- Goal of the exercise -
Copy only the lines between the one containing "Topjes & Shirts" and the end of the records, both included, leaving out pictures.

- Data in this exercise -

★ ★ ★ ★ ★ ★ ★

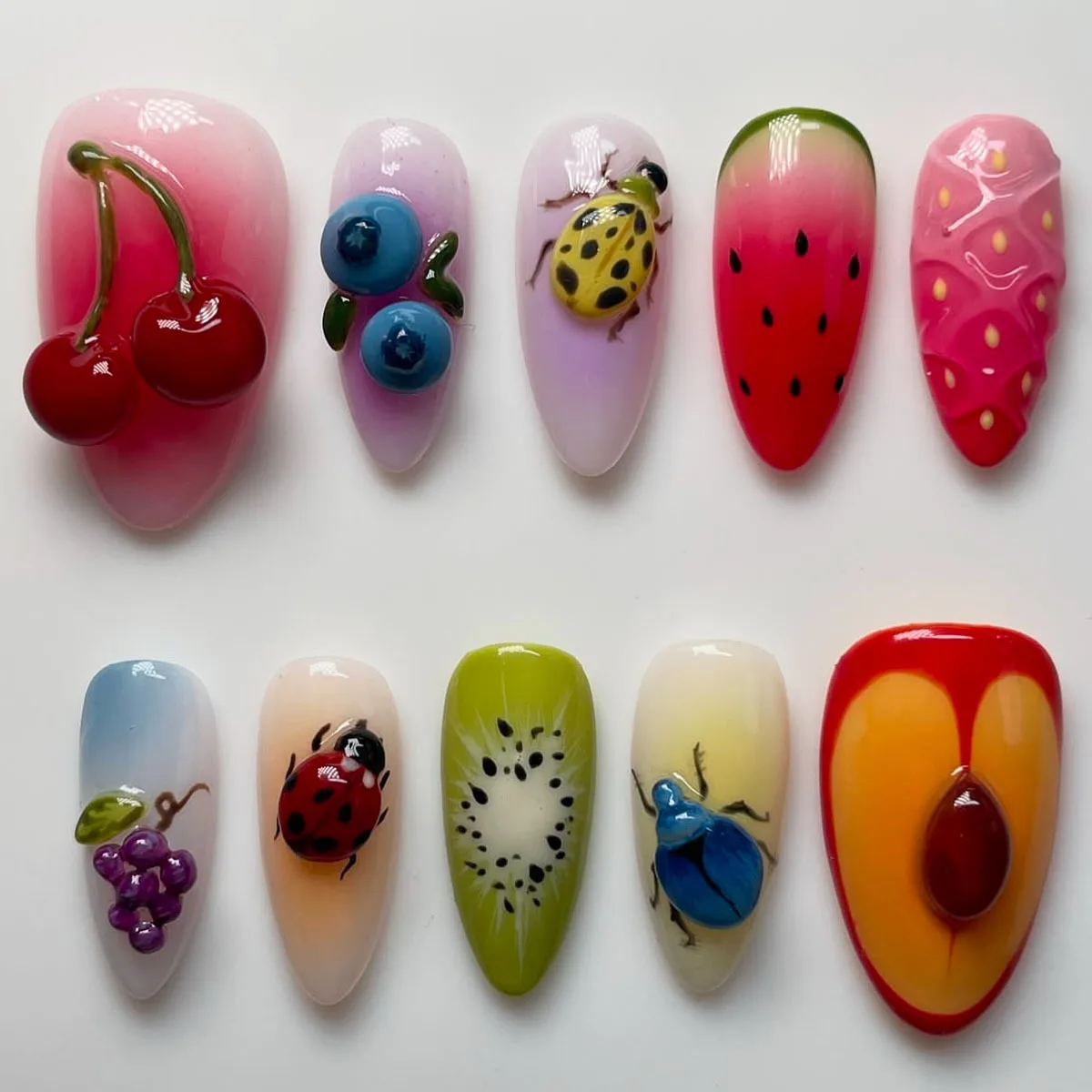(xm576-xs) Juego De 10 Uñas Postizas Hechas A Mano.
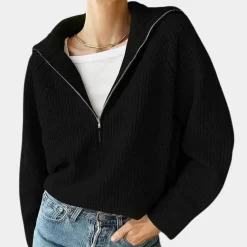 Topjes & Shirts Dames*Olina - Luchtige gebreide zomertop voor dames met stijlvolle halve rits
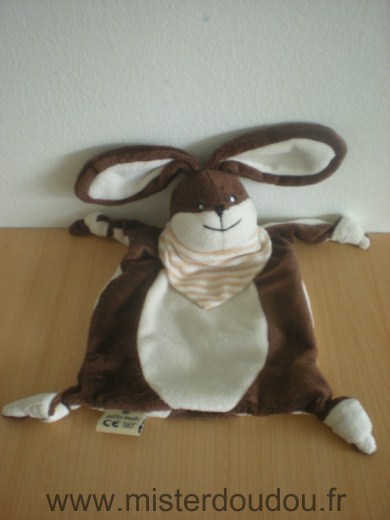 Doudou Lapin Les petites marie Blanc marron foulard raye beige blanc 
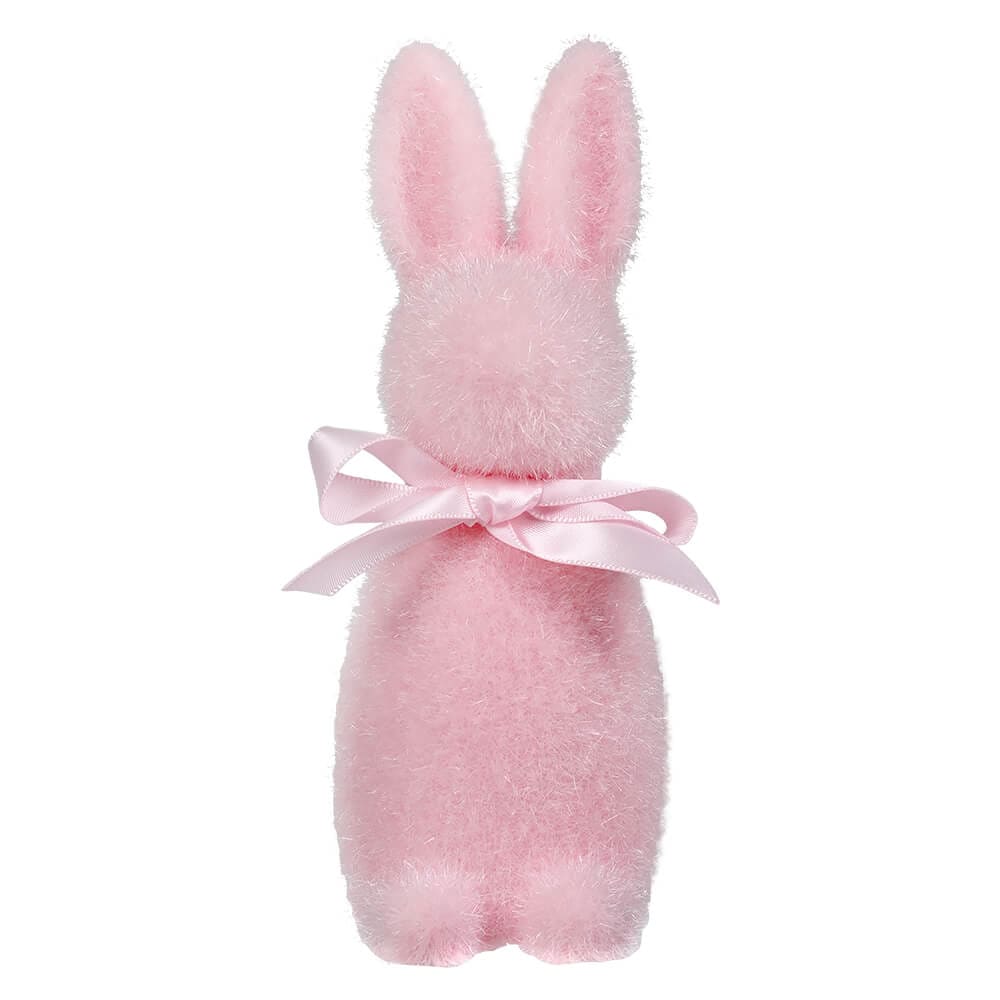 Light Pink Flocked Pastel Button Nose Bunny - Easter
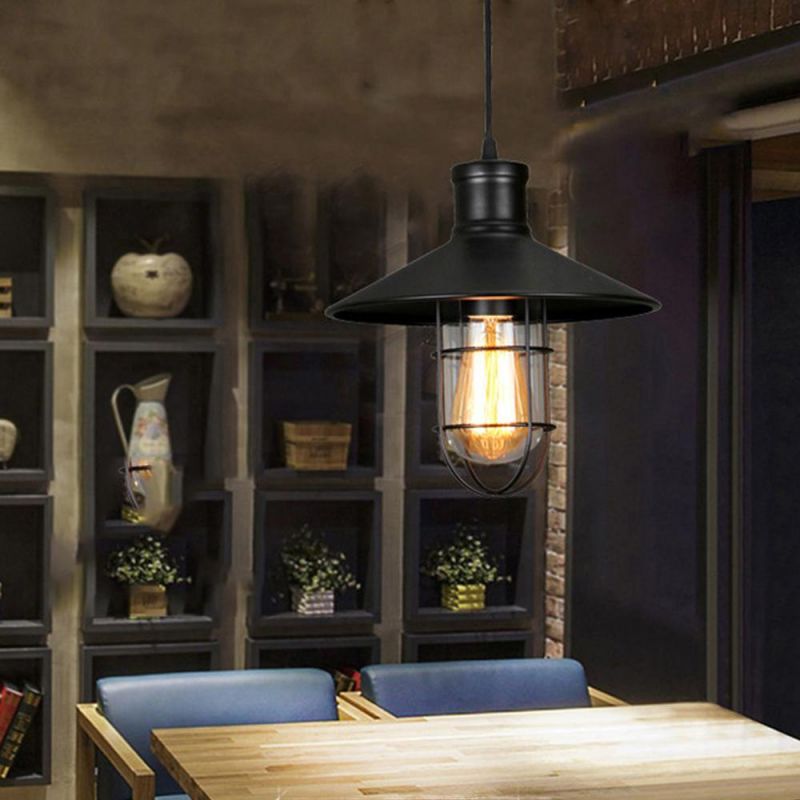 Retro Iron Chandelier Creative Personality Bedroom Restaurant Cafe Lamp Single Head Chandelier Pendant Lights
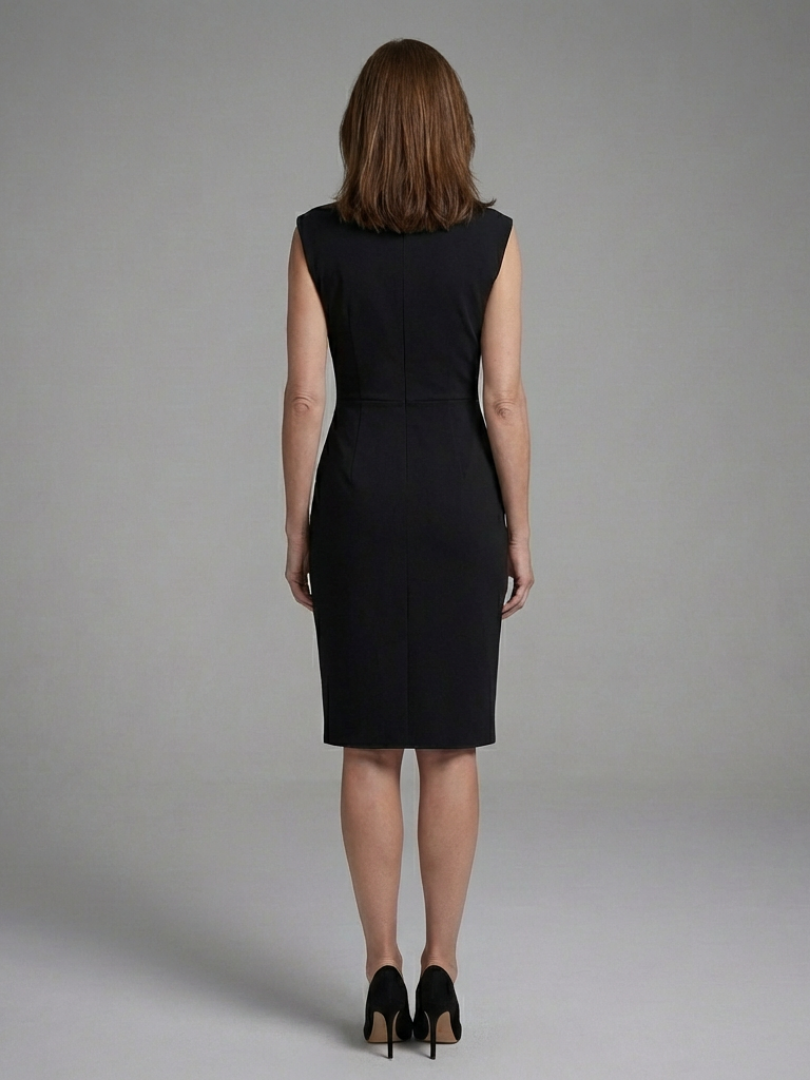 Alina - Sleeveless Midi Dress with Keyhole Detail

★ ★ ★ ★ ★ ★ ★

- Answer -
 Topjes & Shirts Dames*Olina - Luchtige gebreide zomertop voor dames met stijlvolle halve rits
 Doudou Lapin Les petites marie Blanc marron foulard raye beige blanc 
 Light Pink Flocked Pastel Button Nose Bunny - Easter
 Retro Iron Chandelier Creative Personality Bedroom Restaurant Cafe Lamp Single Head Chandelier Pendant Lights
 Alina - Sleeveless Midi Dress with Keyhole Detail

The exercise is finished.